Action item: For this exercise, copy exactly the lines below from the one with "2007-08 Chevy Avalanche" through the one with "Paola Lct /" and leave out the pictures.

Materials provided:
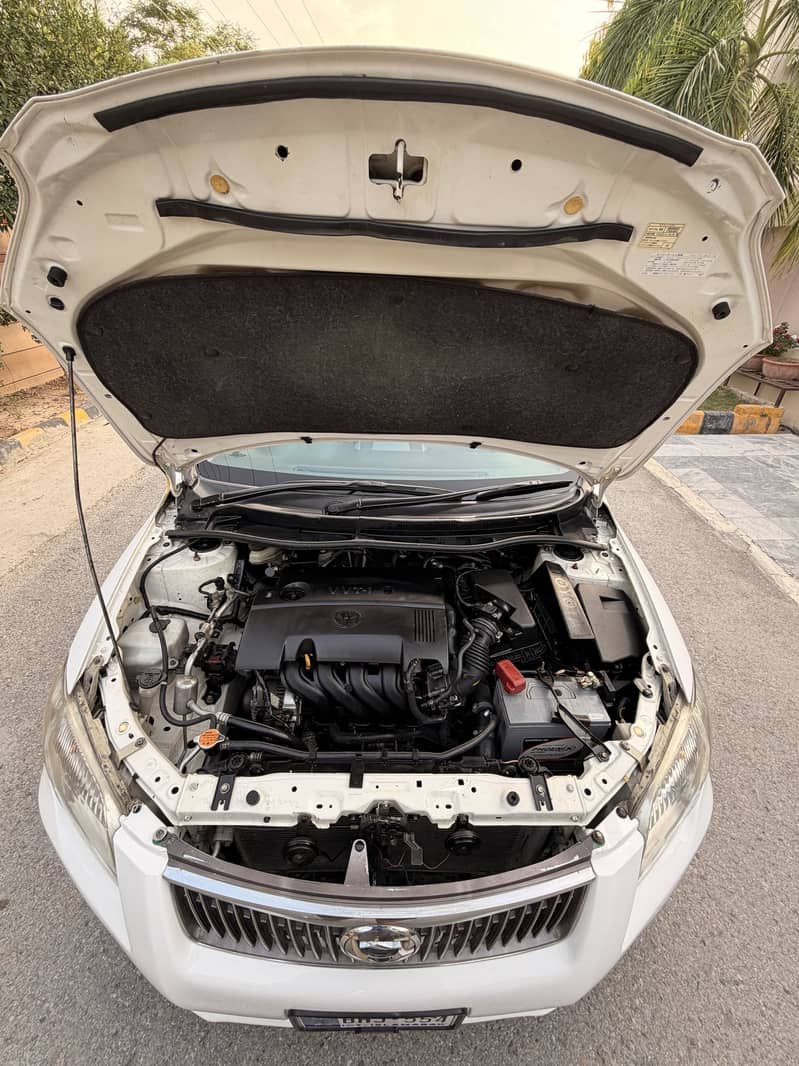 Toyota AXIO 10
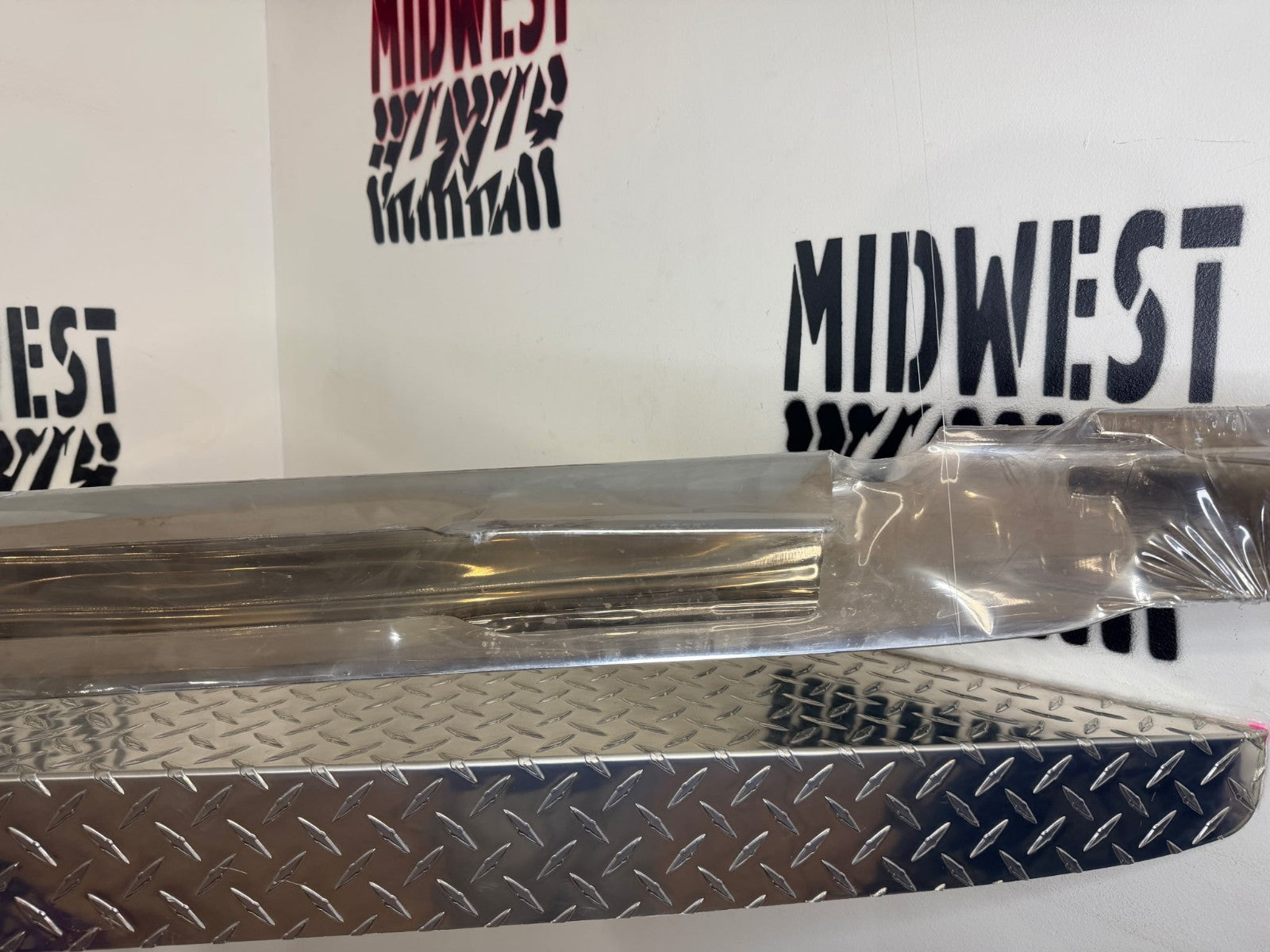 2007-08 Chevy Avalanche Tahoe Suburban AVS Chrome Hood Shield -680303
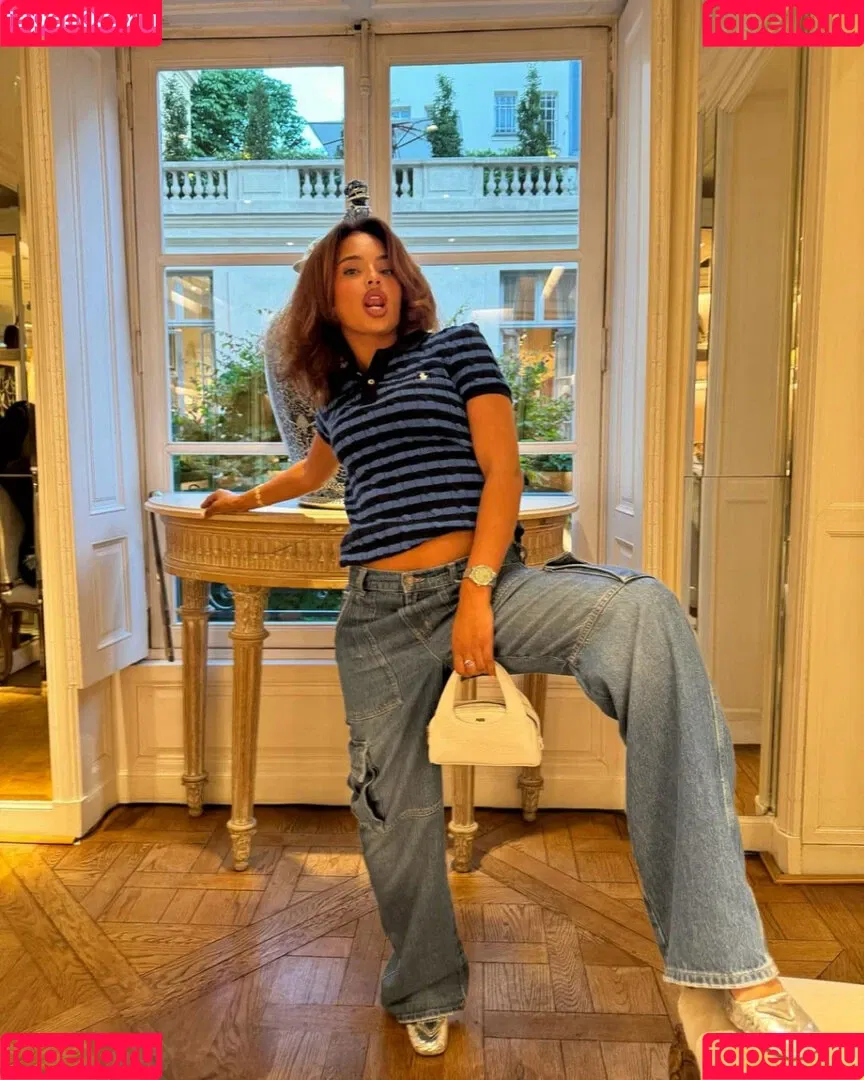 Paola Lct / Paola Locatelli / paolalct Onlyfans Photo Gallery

...

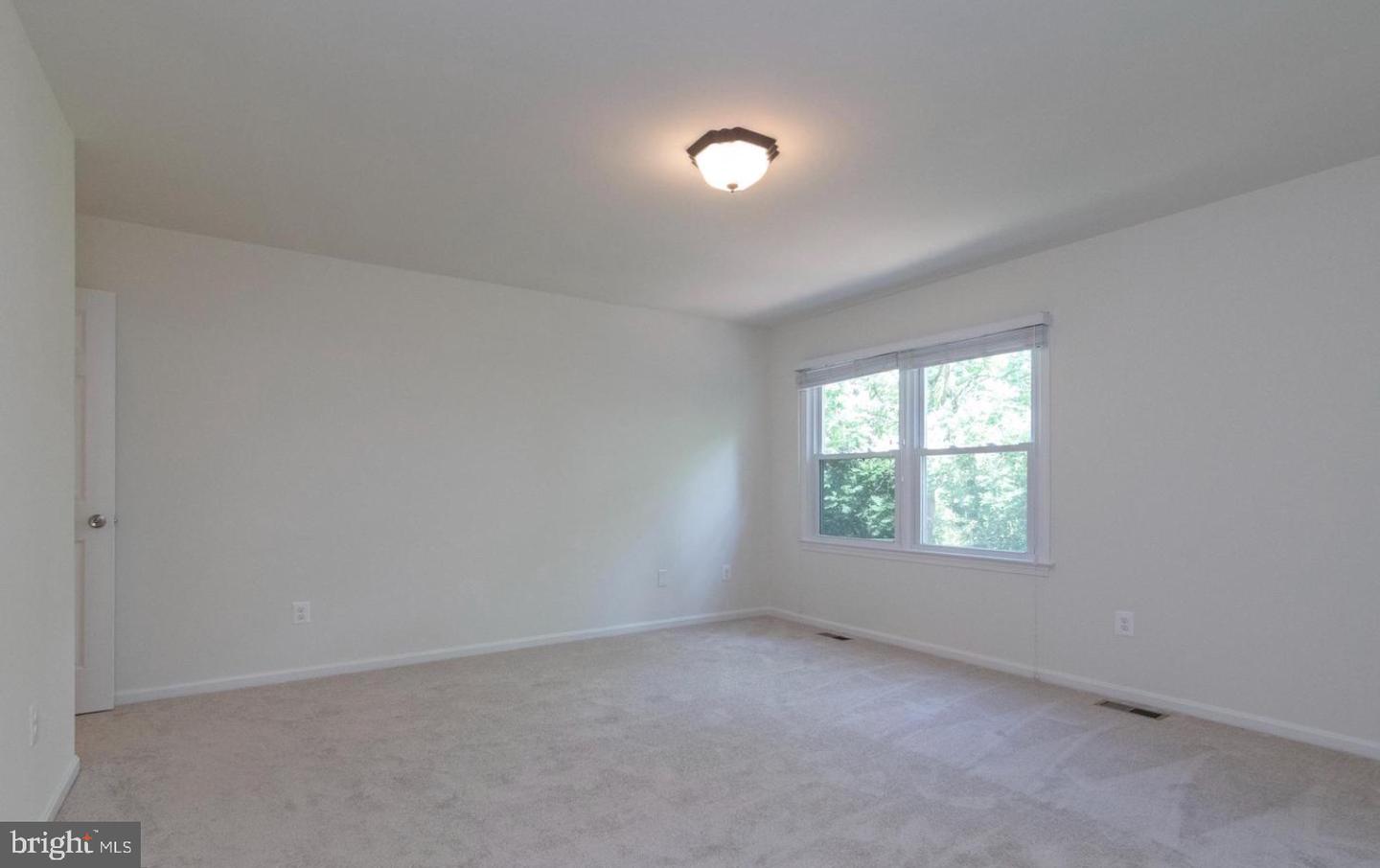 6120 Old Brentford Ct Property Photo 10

Output of the exercise:
 2007-08 Chevy Avalanche Tahoe Suburban AVS Chrome Hood Shield -680303
 Paola Lct / Paola Locatelli / paolalct Onlyfans Photo Gallery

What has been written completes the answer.